ABOUT THIS TASK:
Drop the pictures and repeat exactly from the "ưu điểm của niêng răng trong suốt" line down to the last line of the entries below.

TASK MATERIAL:
--- START ---

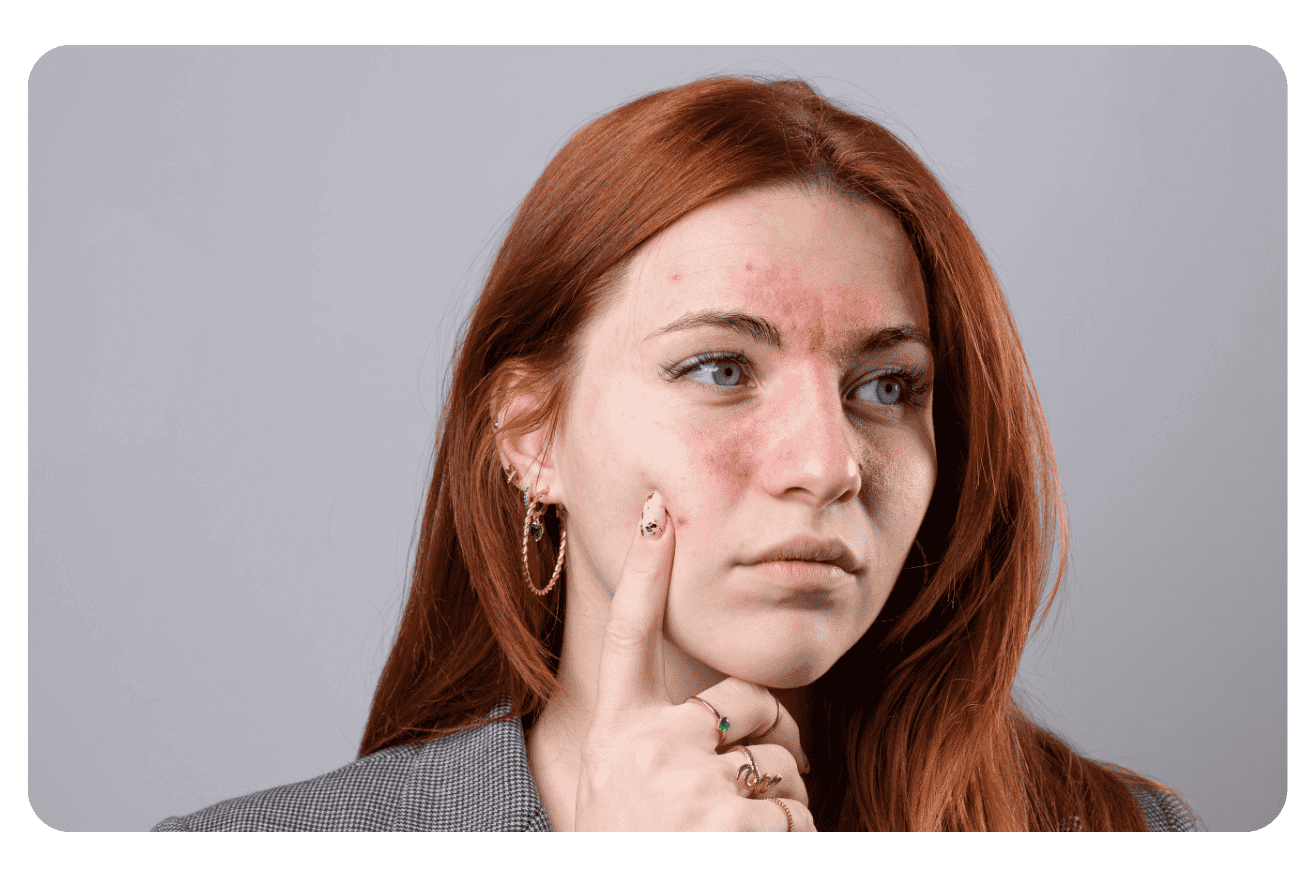 Traitement de la rosacée : Guide complet des solutions efficaces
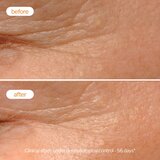 Novexpert Piling Noćna Krema sa Vitaminom C – Obnova i Blistav Ten Tokom Noći | Eponuda.com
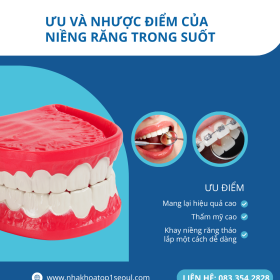 ưu điểm của niêng răng trong suốt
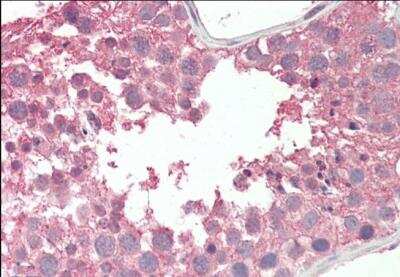 Immunohistochemistry-Paraffin RCBTB2 Antibody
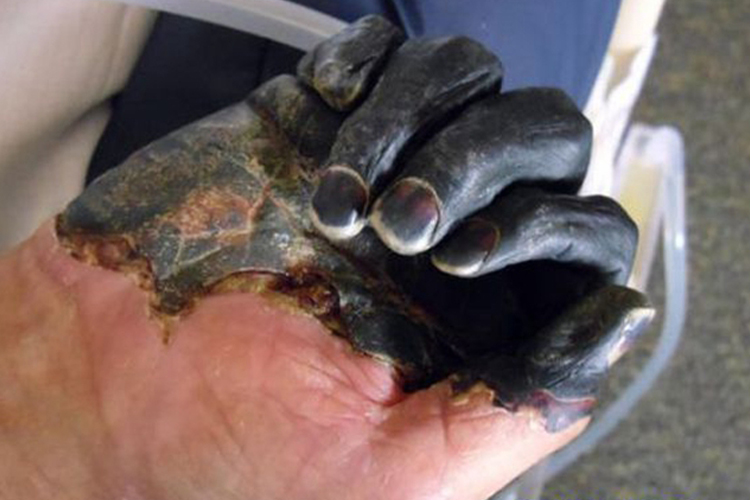 黑死病症状图 黑死病症状图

--- END ---

RESPONSE BOX:
 ưu điểm của niêng răng trong suốt
 Immunohistochemistry-Paraffin RCBTB2 Antibody
 黑死病症状图 黑死病症状图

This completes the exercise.